(Problem): Using the material below, repeat exactly the lines from the one with "Электробезопасность направлена на" through the one with "紋繡、花藝開課延期通知", ends included, without any images.

(Listed entries):
##############################
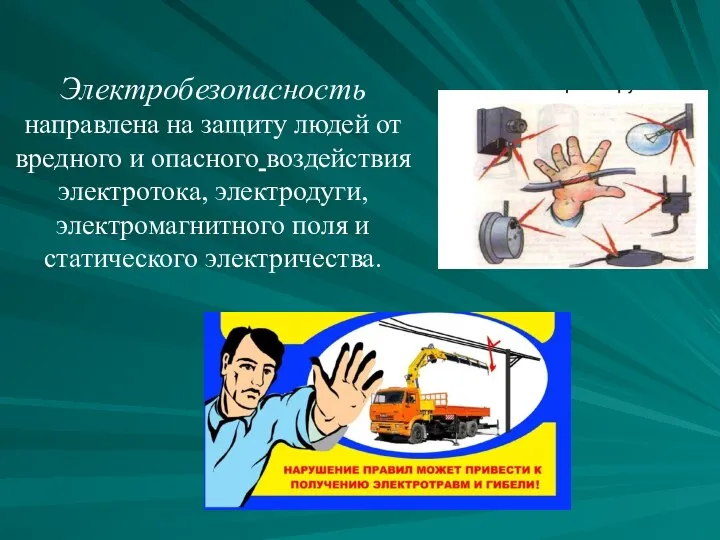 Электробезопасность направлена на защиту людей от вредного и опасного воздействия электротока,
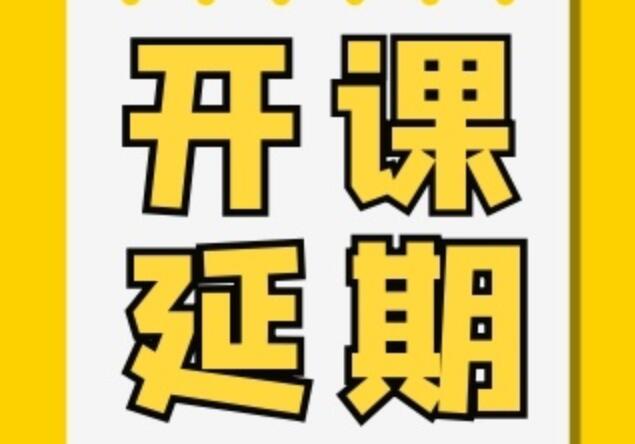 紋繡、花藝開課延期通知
##############################
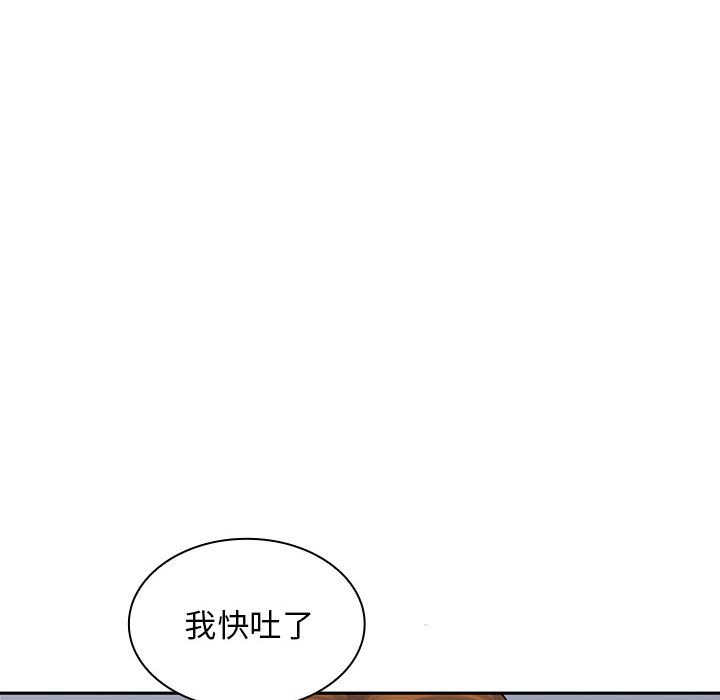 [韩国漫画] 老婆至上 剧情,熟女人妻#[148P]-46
##############################
(Problem solution):
 Электробезопасность направлена на защиту людей от вредного и опасного воздействия электротока,
 紋繡、花藝開課延期通知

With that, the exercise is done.